The 21st Dáil met at Leinster House on 5 July to nominate the Taoiseach for appointment by the president and to approve the appointment of a new government of Ireland. Jack Lynch was appointed Taoiseach, forming the 15th Government of Ireland, a single-party majority Fianna Fáil government. It was the last election to result in a single-party majority government.

Campaign

In spite of having faced some controversial issues during its term of office, the ruling Fine Gael–Labour Party coalition looked set to defy political history by winning an unprecedented second term. This belief was further augmented following the so-called "Tullymander" of parliamentary constituencies. This refers to the Minister for Local Government James Tully, and his scheme of redrawing constituencies across the country to maximise the vote for the coalition partners. For example, in Dublin there were thirteen three-seat constituencies. It was hoped that the coalition partners would win two of the seats, leaving Fianna Fáil with only one seat. A similar tactic was used in rural areas where the party was at its strongest.

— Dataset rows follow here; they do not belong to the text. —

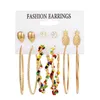 6 paires femmes Vintage balancent perles colorées grand cerceau boucles d'oreilles ensemble créatif Simple ananas clous d'oreilles bijoux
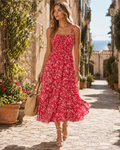 Bianca Women's Floral Chiffon Maxi Dress – Square Neck Smocked Summer Dress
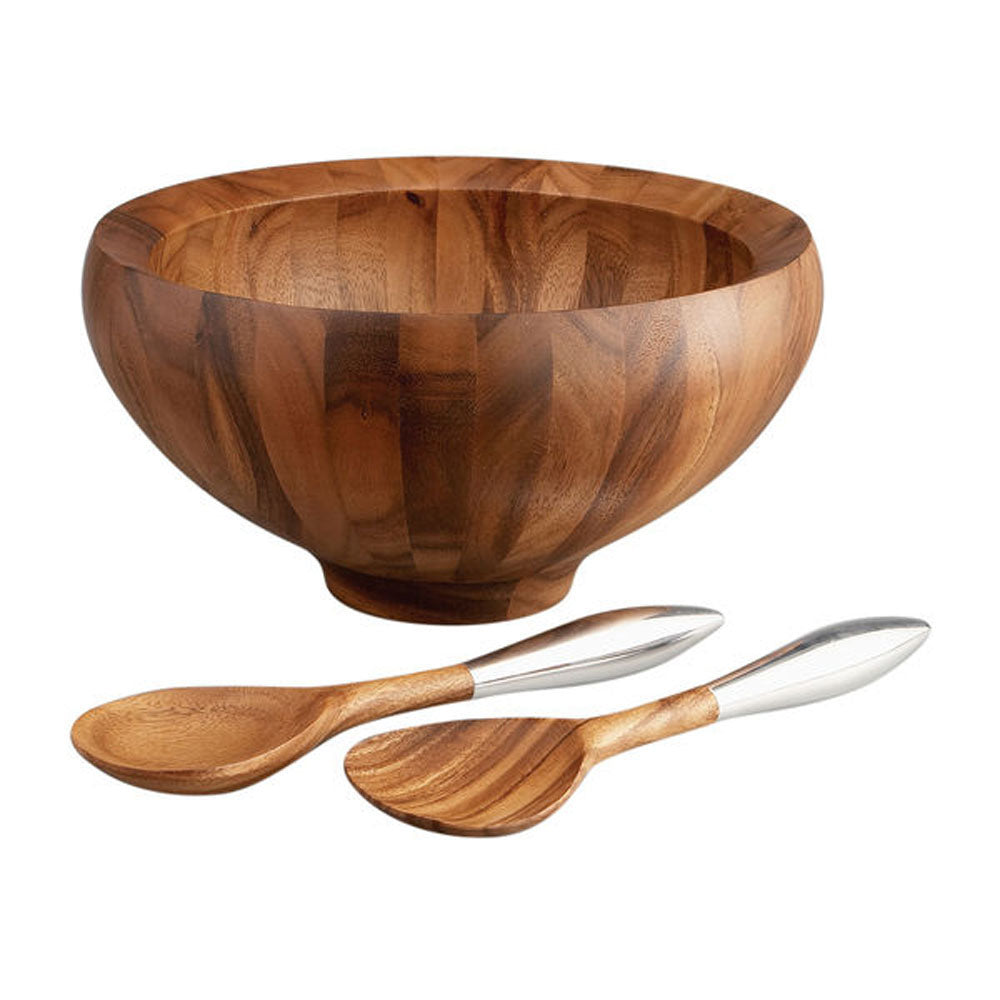 Nambe Yaro Wood Salad Bowl with Servers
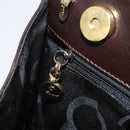 Salvatore Ferragamo Vala Hand Bag Leather Brown Gold Auth 166743-19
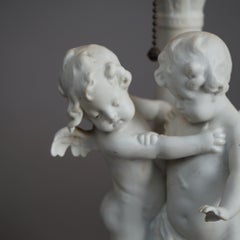 Antique Neoclassical Figural Cherub Parian Porcelain & Slag Glass Lamp C1920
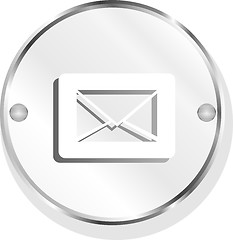 Image showing mail envelope icon on glossy button isolated on white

As a result of this, Fianna Fáil and its leader Jack Lynch believed that they could not win the general election. The party drew up a manifesto which offered the electorate a string of financial and economic "sweeteners", encouraging them to vote for Fianna Fáil. Some of the promises that were offered included the abolition of rates on houses, the abolition of car tax and the promise of reducing unemployment to under 100,000. Lynch agreed to the manifesto because he believed that the party needed something dramatic if it were to win the election.

Both The Irish Times and The Irish Press, which was then edited by Tim Pat Coogan, were extremely critical of the government's curtailment of freedom of speech and in particular of the Minister for Posts and Telegraphs Conor Cruise O'Brien, who used these restrictions against the PIRA.

The Fianna Fáil campaign was based on the American model. Inspired by director of elections Séamus Brennan, Lynch travelled the length and breadth of the country, music blaring, accompanied by his followers. His popularity was at its highest, and it soon became clear he might win the election. Lynch's popularity was a big electoral asset. The party slogan "Bring Back Jack" even played on Lynch's huge appeal. But the monetary sweeteners were Fianna Fáil's biggest asset.

In contrast to Fianna Fáil, the government parties of Fine Gael and the Labour Party fought the general election on their record in government. The redrawing of the constituency boundaries also gave them hope for success, however they offered little to the electorate except for the policies they had been pursuing for the previous four years.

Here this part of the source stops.